Query plans consist of retrieval tactics and an ordered set of execution steps to retrieve the data needed by the query. In developing query plans, the optimizer examines:
The size of each table in the query, both in rows and data pages, and the number of OAM and allocation pages that need to be read.
The indexes that exist on the tables and columns used in the query, the type of index, and the height, number of leaf pages, and cluster ratios for each index.
Whether the index covers the query, that is, whether the query can be satisfied by retrieving data from the index leaf pages without having to access the data pages. Adaptive Server can use indexes that cover queries, even if no where clauses are included in the query.
The density and distribution of keys in the indexes.
The size of the available data cache or caches, the size of I/O supported by the caches, and the cache strategy to be used.
The cost of physical and logical reads.
Join clauses and the best join order and join type, considering the costs and number of scans required for each join and the usefulness of indexes in limiting the I/O.
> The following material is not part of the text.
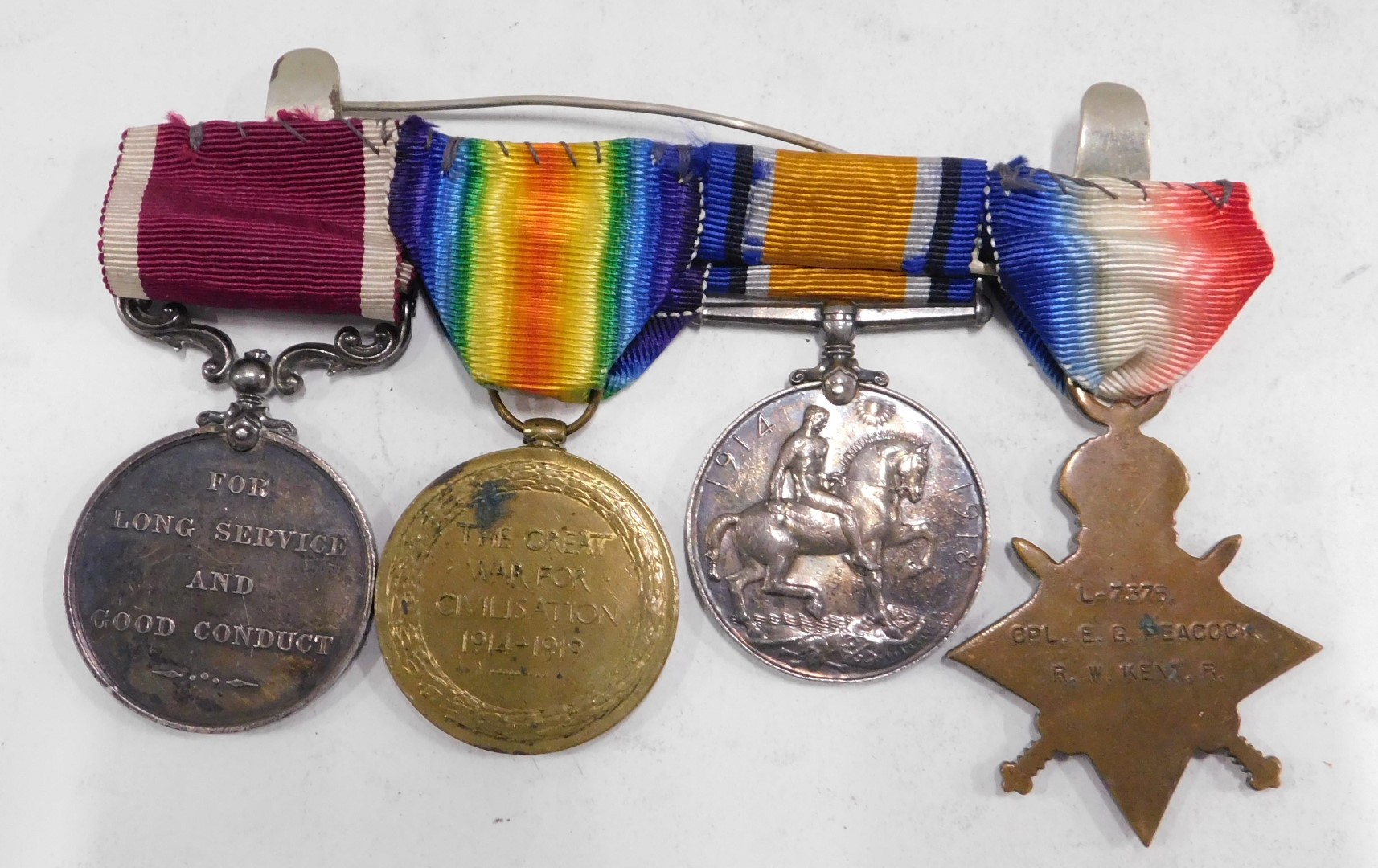 A World War I medal group, comprising 14-15 Star, George V medal, Great War for Civilisation medal, - Image 2 of 4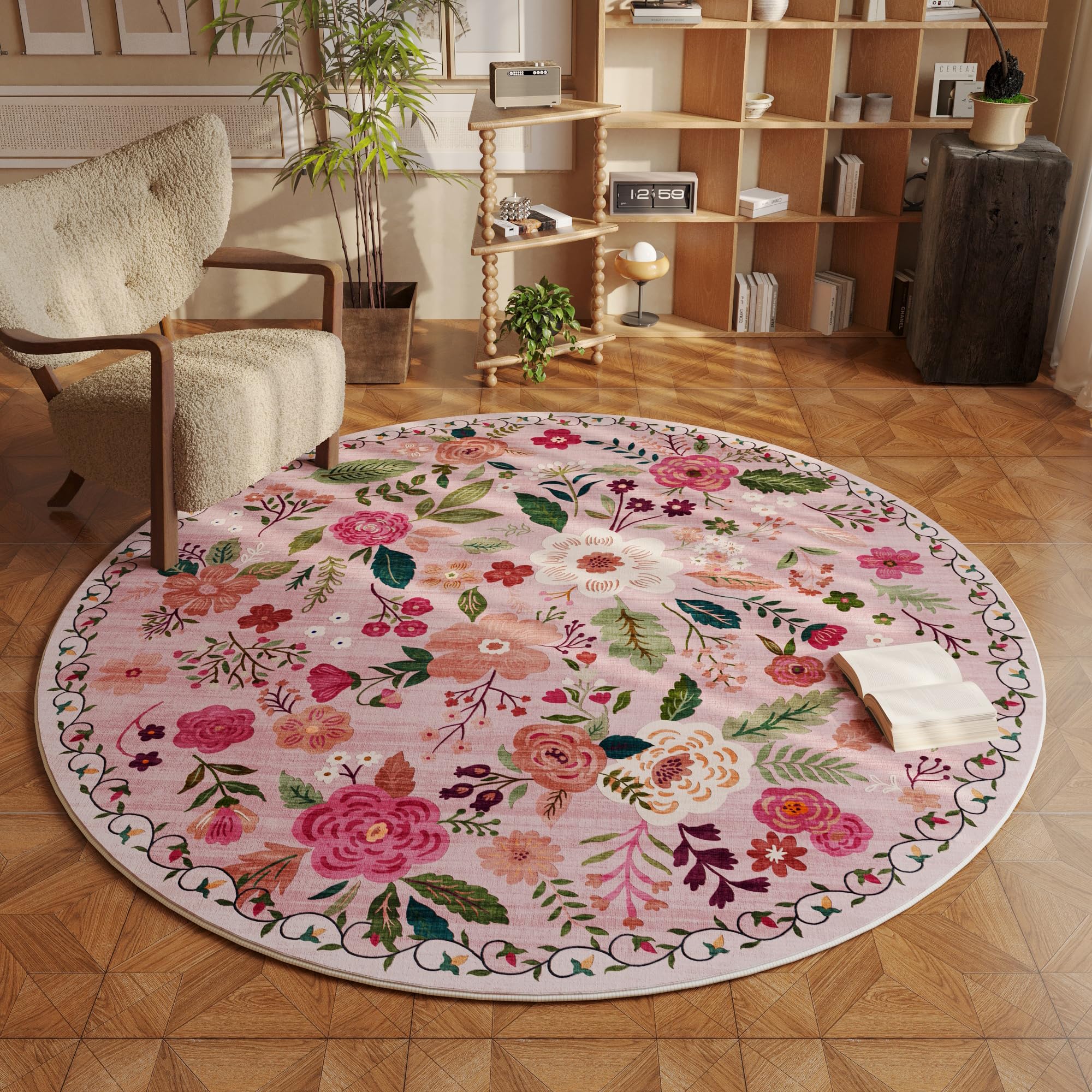 Rugcomf Area Rugs 8x10 Rug for Living Room Clearance Washable Boho Area Rug Non Slip Floral Vintage Low Pile Large Rug for Living Room, Bedroom, Farmhouse, Dining Room, Kids Playroom(Black)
Whether building a worktable (an internal, temporary table) with an index on the join columns would be faster than repeated table scans if there are no useful indexes for the inner table in a join.
Whether the query contains a max or min aggregate that can use an index to find the value without scanning the table.
Whether the data or index pages will be needed repeatedly to satisfy a query such as a join or whether a fetch-and-discard strategy can be employed because the pages need to be scanned only once.
For each plan, the optimizer determines the total cost by computing the logical and physical I/Os. Adaptive Server then uses the cheapest plan.
Stored procedures and triggers are optimized when the object is first executed, and the query plan is stored in the procedure cache. If other users execute the same procedure while an unused copy of the plan resides in cache, the compiled query plan is copied in cache, rather than being recompiled.